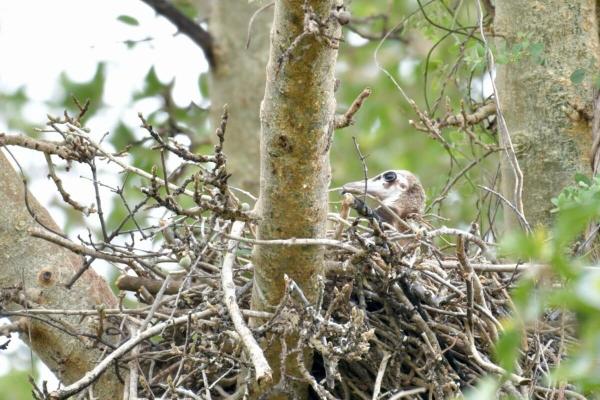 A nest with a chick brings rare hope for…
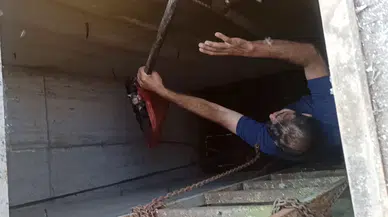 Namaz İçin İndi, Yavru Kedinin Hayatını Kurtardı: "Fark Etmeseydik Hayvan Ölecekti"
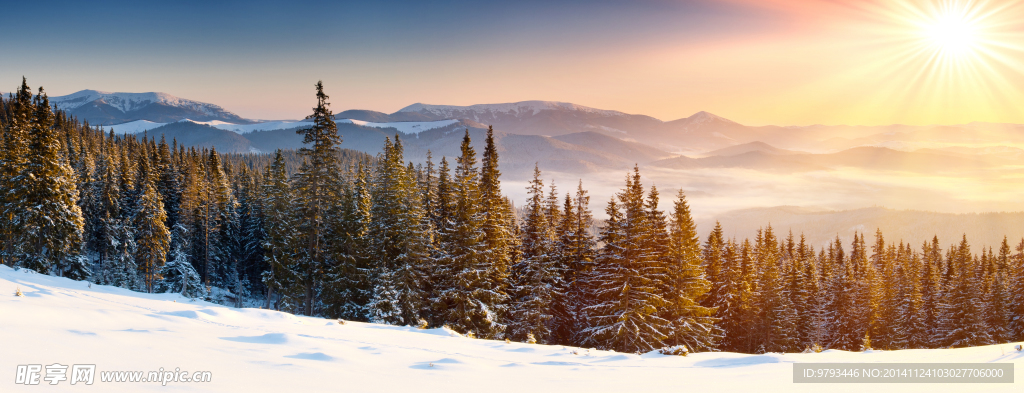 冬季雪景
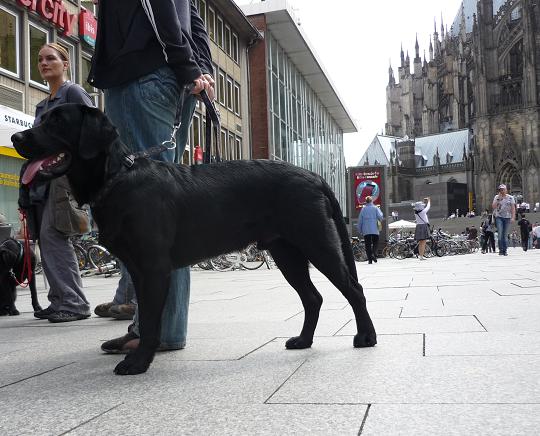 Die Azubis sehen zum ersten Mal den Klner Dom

■ **Work required**
Starting with the line that contains "Namaz İçin İndi, Yavru" and ending with the last line of the material, every line must be written out exactly; no other lines and no pictures are wanted.

■ **Solution for this task**
 Namaz İçin İndi, Yavru Kedinin Hayatını Kurtardı: "Fark Etmeseydik Hayvan Ölecekti"
 冬季雪景
 Die Azubis sehen zum ersten Mal den Klner Dom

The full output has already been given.